Why Apple Shouldn’t Buy DropBox

Posted on December 17, 2012

John Gruber suggested on daringfireball that Apple should buy DropBox because that is what everyone is using to get documents from their iPads to their computers. What John has caught on to, is that there is a problem with the document transfer process in place, and I will be the first one to agree with him on this point.

However, Apple has taken a decision to abstract away the filesystem in iOS. On the Mac, in OS X, the filesystem is still very much in evidence and is the principle way of accessing files. Yet, I do believe that Apple would eventually like to abstract the filesystem on OS X as well, pretty much in the same way that they have introduced sandboxing.

iCloud was introduced to tie together applications across different platforms. So if you want to transfer a file between your iPad and your Mac, you can. Here’s how it works. If you create a file on your iPad, it is synced onto iCloud automatically, and then you can open it with the same application on your Mac.

iCloud’s Model is Not Meeting User Needs

Despite the implementation of iCloud, many people are choosing to continue to use Dropbox as a syncing system. Why is this? Why is iCloud not meeting users’ needs?

I’m not sure I fully have the answers to that question. iCloud is great when sharing data between iOS applications. As a backend syncing system, it’s really good. Where I assume it seems to fall down is in the sharing of data between iOS devices and OS X.

One potential reason for this is that people are using different applications on different devices. While they are using Byword on the iPad, they might be using BBEdit on the Mac. In this scenario, which I expect is all too common, iCloud is clearly broken.

Should Apple Buy DropBox?

DropBox’s file-sync model is clearly not going in the direction that Apple wants to go and in which Apple sees the future. One thing is clear with Apple, when they have a vision, they take the time to see it implemented. Are they really wrong that the filesystem is not the best way to manage documents?

Also, because DropBox works over so many different devices and platforms, it would not be a great fit for Apple. They don’t want to support solutions in competing ecosystems unless it enables a core Apple service, for example iTunes enable iPhones and iPods to be managed from a PC.

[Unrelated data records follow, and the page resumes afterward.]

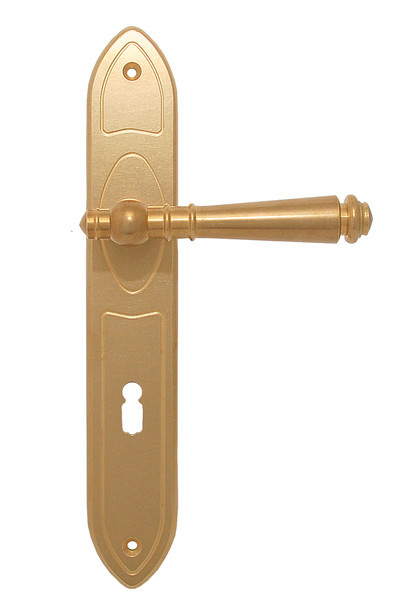 Tradition štítové dveřní kování s pružinou klika/klika surová mosaz, rozteč:vložka FAB 92 mm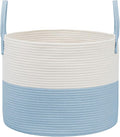 JMvicyroam 65L Extra Large Blanket Basket for Living Room - Woven Cotton Rope Laundry Hamper with Reinforced Handles - Storage Bin for Pillows, Comforters & Toys - Machine Washable,White&Blue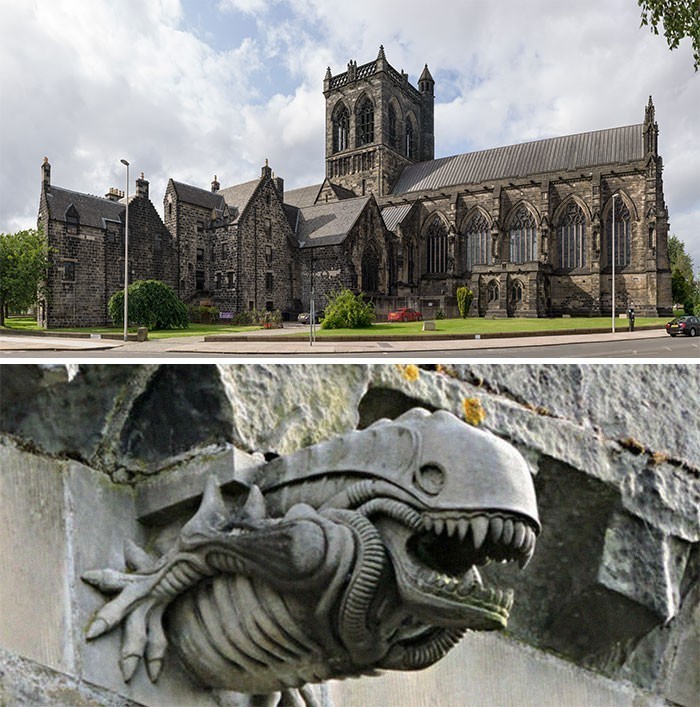 11. Szkocki kościół Paisley Abbey posiada "Obcego" gargulca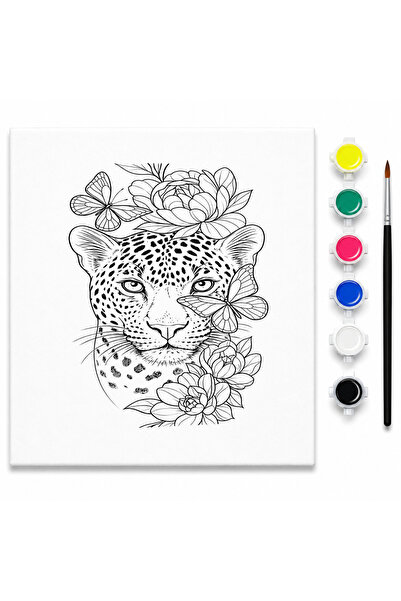 Genel Markalar 20x20 Boyama Tuvali Seti – Leopar ve Çiçek Desenli Kanvas Boya...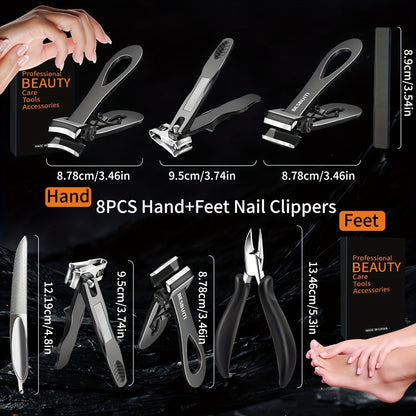 Thick Toenail Clipper Set for Seniors & Diabetics — Wide Jaw Ingrown Toenail Clipper, Heavy Duty Angled Nail Clipper & Nail File Kit for Men and Women, Professional Thick Nail Cutter Tool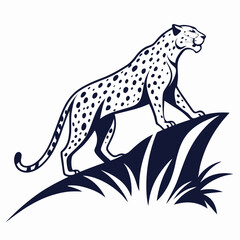 Jaguar silhouette icon vector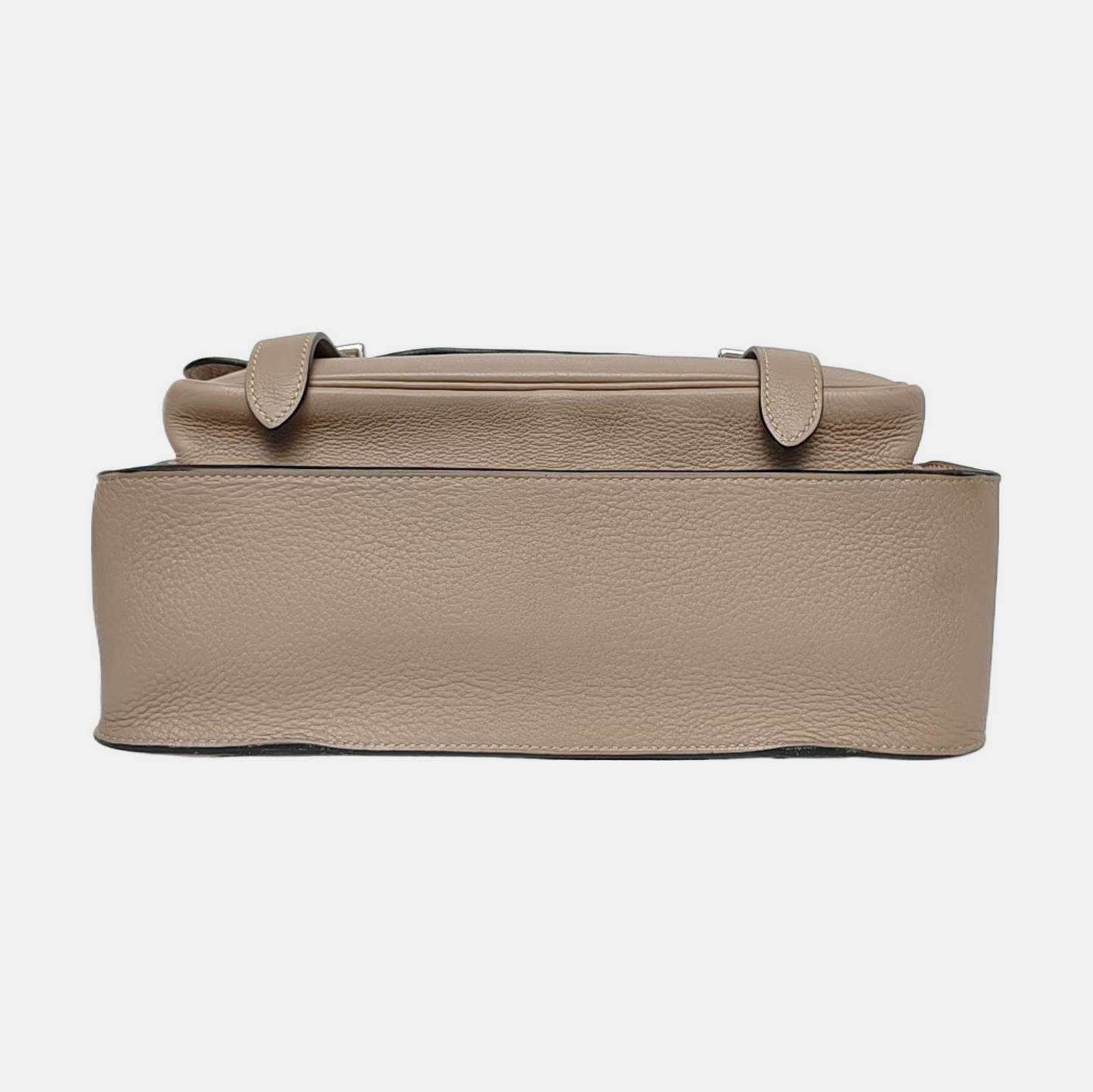 HERMÈS Steve Dove Gray Clemence Calfskin Single Shoulder Bag Crossbody Bag Silver Hardware 🄻-(SKU)-970550032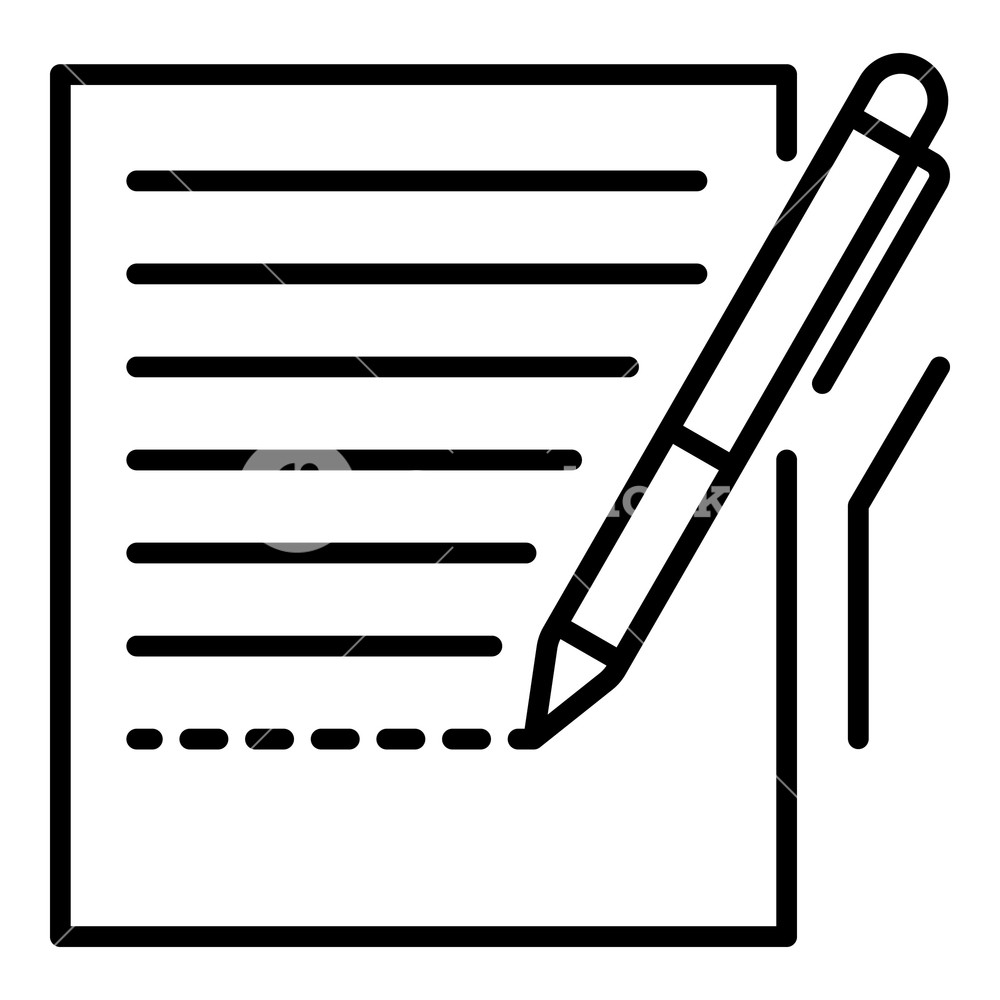 1000x1000 Pen Homework Paper Icon Outline Pen Homework Paper Vector Icon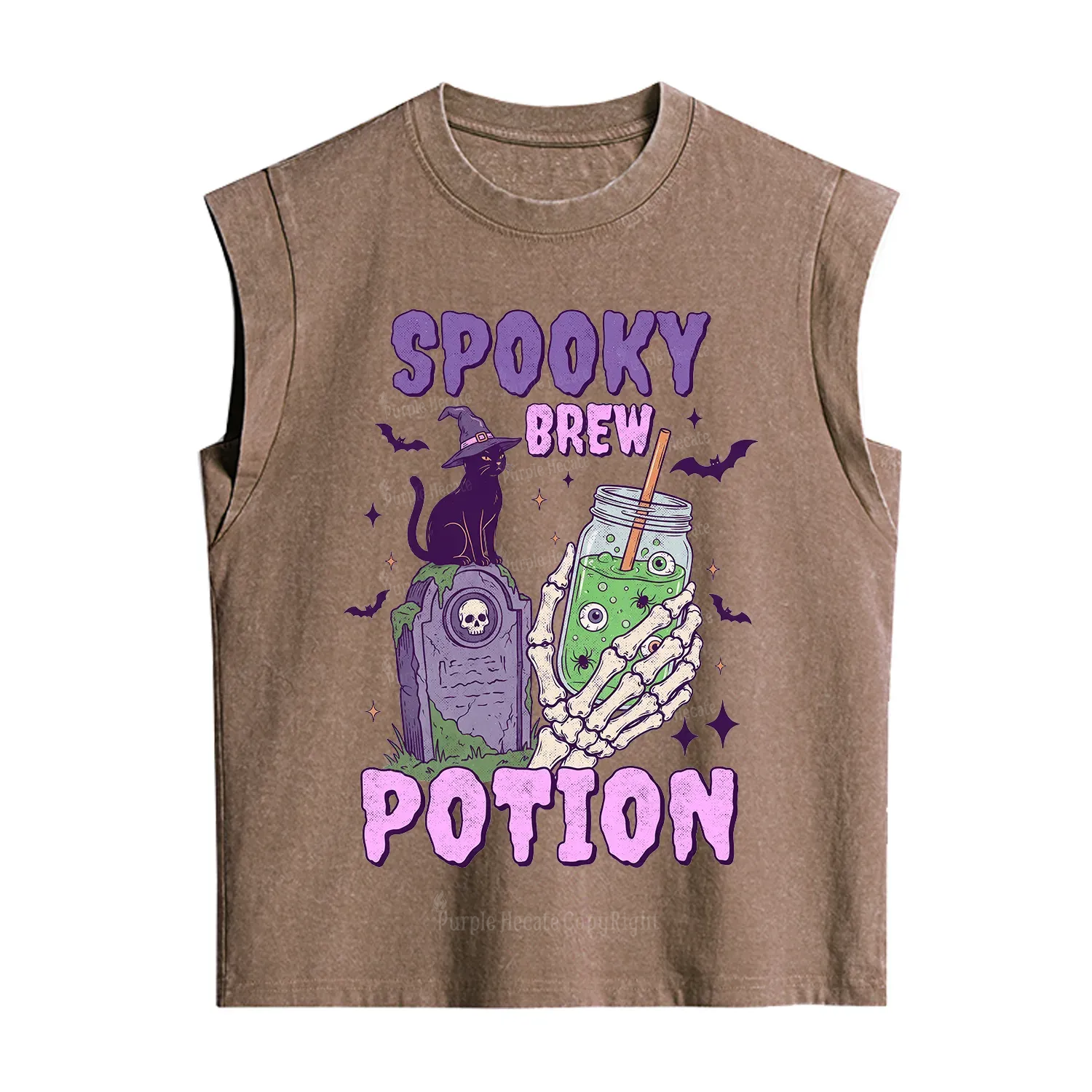 Purplehecate Spooky Brew Potion Halloween Vintage Washed Tank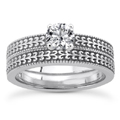 1/3 Carat Engraved Engagement Ring Set in 14K White Gold
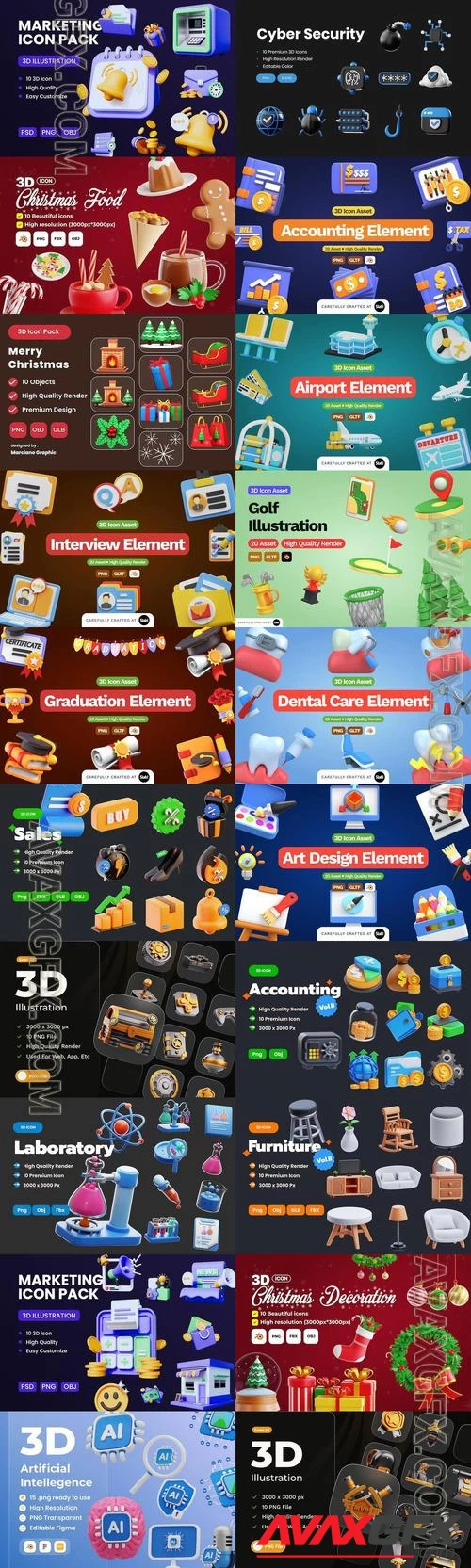 20 3D Icons Bundle 2023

If Apple thought DropBox was the best solution, can’t they just make their own? Probably.

What Should Apple Do?

If we agree that the big problem with iCloud is that documents cannot be easily shared between applications, why not make it so that they can be? If you are in BBEdit on your Mac, why not make iCloud documents from other applications available to it?

In that way, documents can still be managed in an application-centric way, the file-system is still largely abstracted from the user, yet documents can be shared between applications.

Clearly, iCloud is not gaining the traction it should be and Apple should adapt the product to address its perceived and actual failings.